* [EXERCISE BRIEF]:
Exclude the pictures and reproduce the remaining data exactly as written.

START DATA PROVIDED

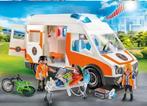 PLAYMOBIL City Life Ambulance en ambulanciers - 70049, Kinderen en Baby's, Speelgoed | Playmobil, Ophalen of Verzenden, Zo goed als nieuw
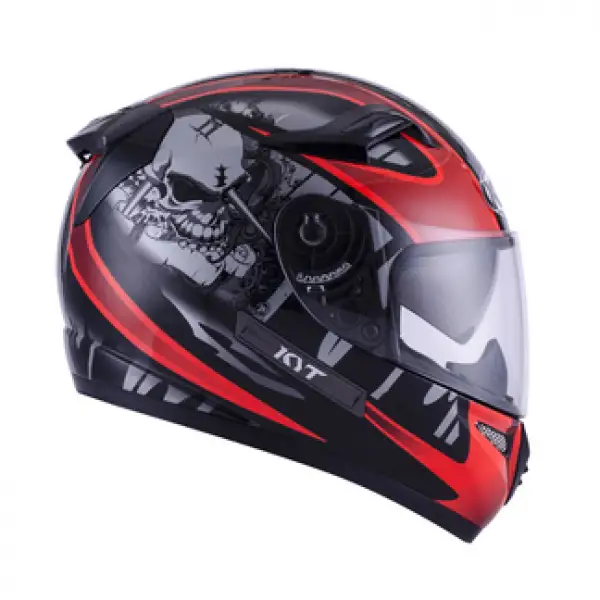 KYT full face helmet Venom Strike black red fluo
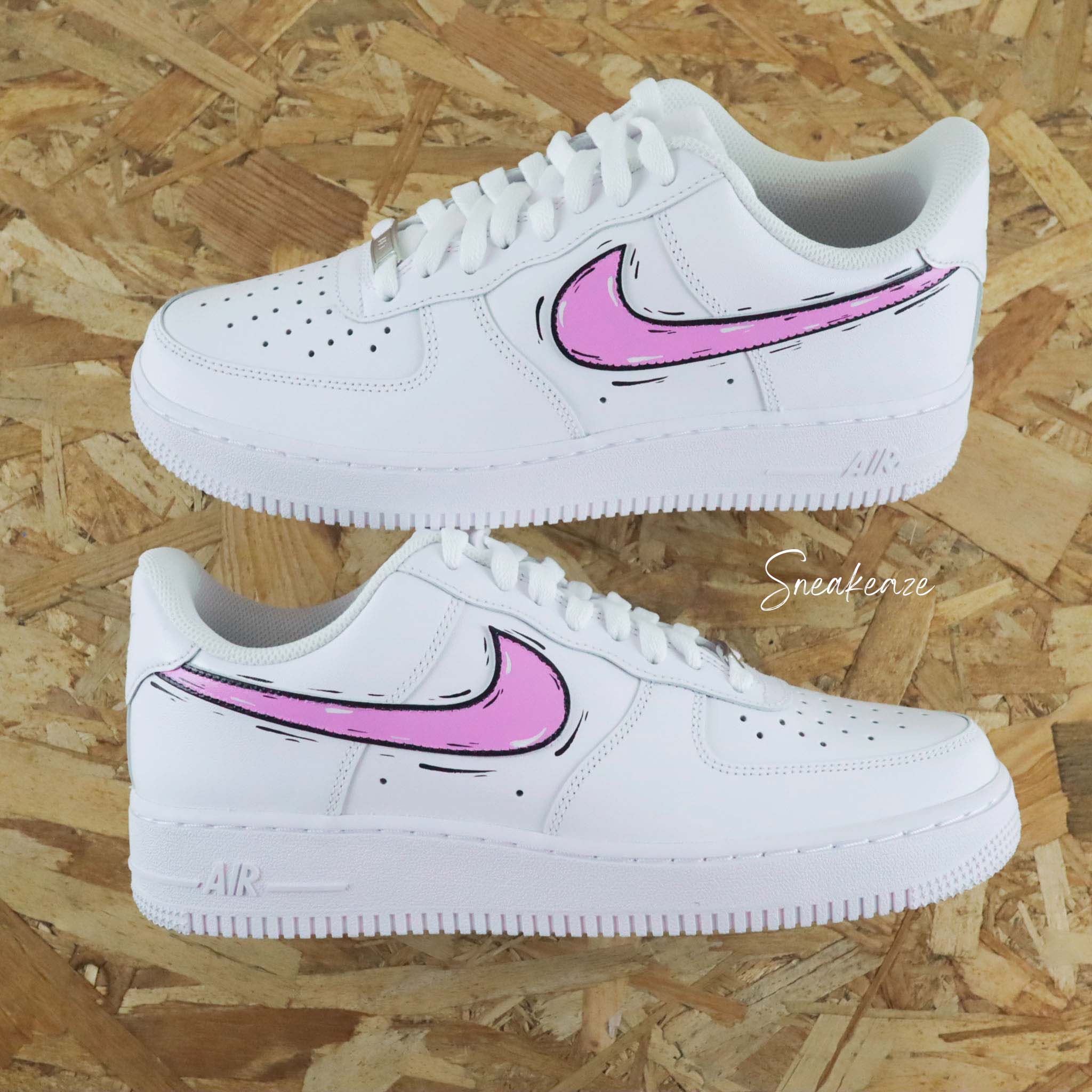 Cartoon swoosh (couleur au choix) - Air Force 1 custom – Image 4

END DATA PROVIDED

* [SOLUTION BELOW]:
 PLAYMOBIL City Life Ambulance en ambulanciers - 70049, Kinderen en Baby's, Speelgoed | Playmobil, Ophalen of Verzenden, Zo goed als nieuw
 KYT full face helmet Venom Strike black red fluo
 Cartoon swoosh (couleur au choix) - Air Force 1 custom – Image 4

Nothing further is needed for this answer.